A gun of mass 3 kg fires a bullet of mass 30 g. The bullet takes 0.003 s to move through the barrel of the gun and acquires a velocity of 100 m/s. Calculate :

(i) the velocity with which the gun recoils.
(ii) the force exerted on gunman due to recoil of the gun

 Mass of the gun $m_1=3\ kg$

Mass of bullet $m_2=30\ g=0.03\ kg$

Velocity of bullet $v_2=100\ m/s$

(i) Let $v_1$ be the recoil velocity of the gun.

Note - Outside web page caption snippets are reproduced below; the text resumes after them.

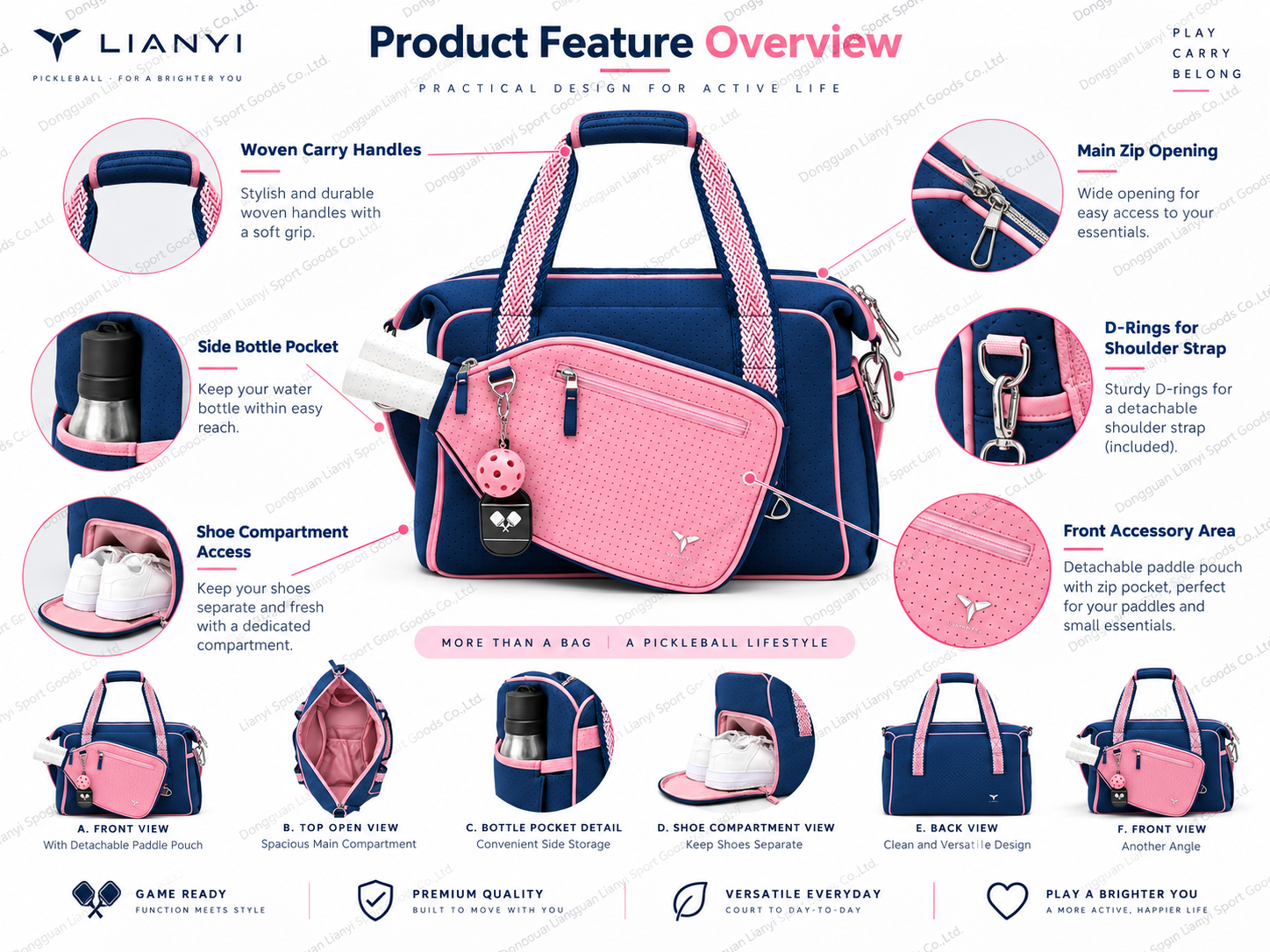 Pickleball Tote Carry Structure Overview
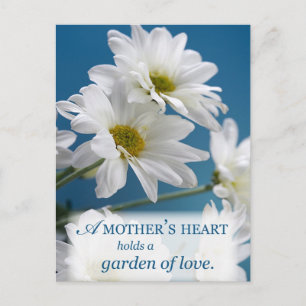 Mother's Heart Holds a Garden of Love Postcard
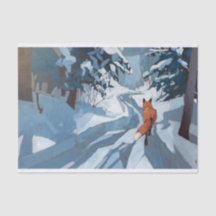 Winterwandeling Thuis, Besneeuwde Eenzame Vos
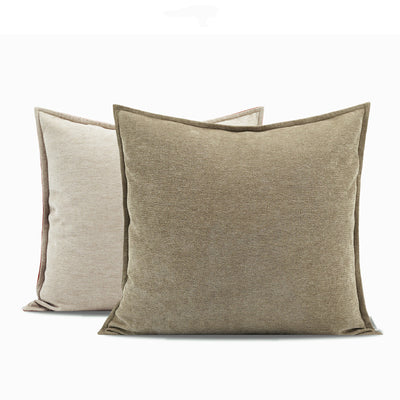 Cojín Decorativo Bicolor Estilo Chino Moderno con Textura Cashmere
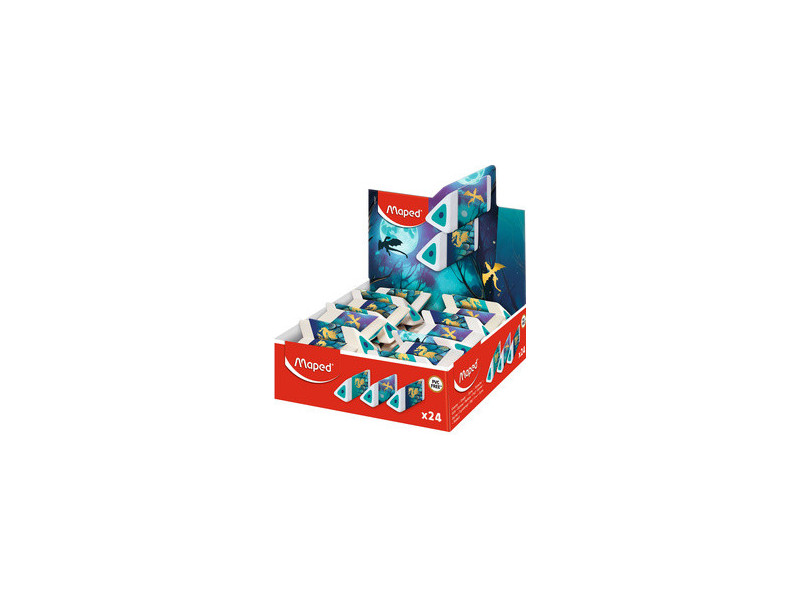 Maped Gomme en plastique Pyramide DRAGON, présentoir de 24
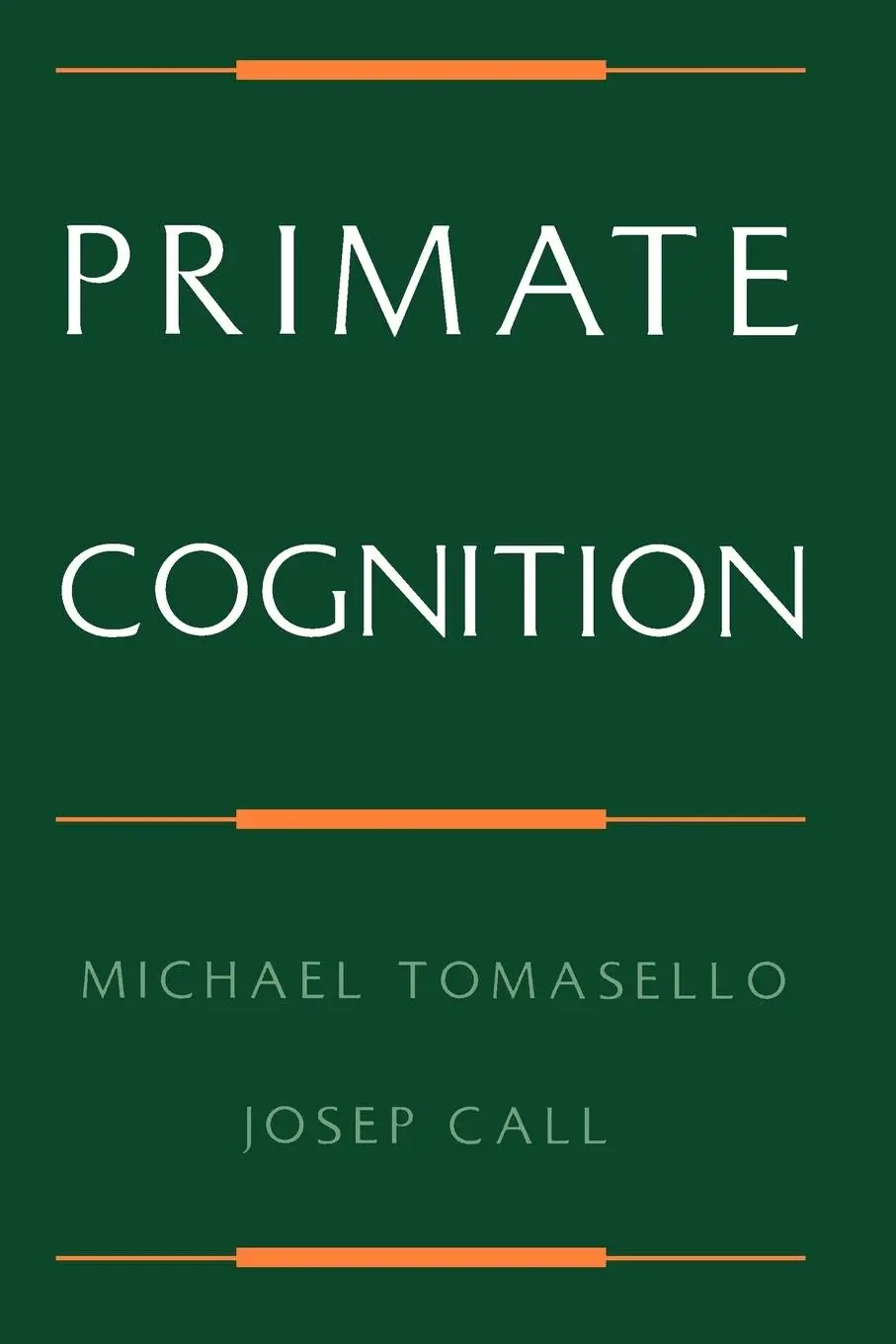 Cover: 9780195106244 | Primate Cognition | Michael Tomasello (u. a.) | Taschenbuch | IX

According to the law of conservation of momentum:

$m_1\times v_1=m_2\times v_2$

Or $3\times v_1=0.03\times 100$

Or $v_1=\frac{3}{3}$

Or $v=1\ m/s$

Thus, the gun recoils with a velocity of $1\ m/s$

(ii) Initial velocity of the gun $u=0$

Final velocity $v=1\ m/s$

Time $t=0.003\ s$

Therefore, acceleration $a=\frac{v-u}{t}$

Or $a=\frac{1-0}{0.003}$

Or $a=\frac{1000}{3}\ m/s^2$

Therefore, force $F=ma$    [Newton's second law of motion]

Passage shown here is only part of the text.